I never met Colonel Samuel Emerson Opdycke, but I’d like to say he’s a friend of mine. Earlier this month I wrote a piece for Georgia based Historical-Fiction.com about a writer’s dilemma when it comes to representing history within fiction. It prompted me to think a little deeper about the particular ‘relationship’ I form with historical figures. To be frank, it’s all a little one-sided.
I don’t mean to be flippant. I feel slightly uncomfortable spending so much time with someone who died over a hundred and thirty years ago, and to whom I was never formally introduced. It’s as if I’m some sort of time-slip stalker. I know Emerson from his letters which are published in ‘To Battle for God and the Right,’ by Glenn Longacre and John Haas. They were originally preserved by Emerson’s wife, Lucy, to whom they were mostly addressed. They have the feel of letters that might have been intended for posterity. He wrote a great deal about his experiences post-war. If he didn’t want me to know him, then I guess he wouldn’t have let his wife transcribe his letters.

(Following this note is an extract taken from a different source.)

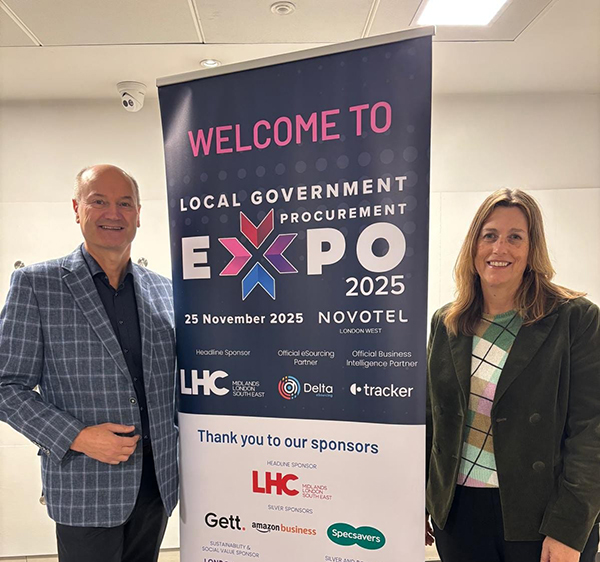 Local Government Procurement Conference in Hammersmith 2025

I also understand him from the writing of his men and his fellow officers in the 125th Ohio; the Tigers. I know him because I’ve been to where he fought: on the battlefield of Chickamauga, atop Missionary Ridge, at Kennesaw and Franklin; all places where his decisions, actions and personal bravery made a difference to the war. I know his horse, Barney, of whom he was so fond. I’ve read the gentle lines to Lucy that bracket his opinionated view of the Union generals. Emerson always knew better; he thought a lot of himself. He thought a lot of his cause too, fighting for the Union but also for freedom. His part of north eastern Ohio was strong in abolitionist sentiment. I took a long detour via Kentucky to visit his burial site in Warren, Trumbull County. I found him in the Victorian centre of Oakwood Cemetery in the middle of the rundown Rust Belt town, though most of its industry arrived long after Emerson’s day. I know of his tragic and accidental death. I know more than he ever did in life in that I’ve read of his only child’s suicide in 1914. I didn’t mention it at the tomb. Sometimes it’s best to keep secrets from your friends.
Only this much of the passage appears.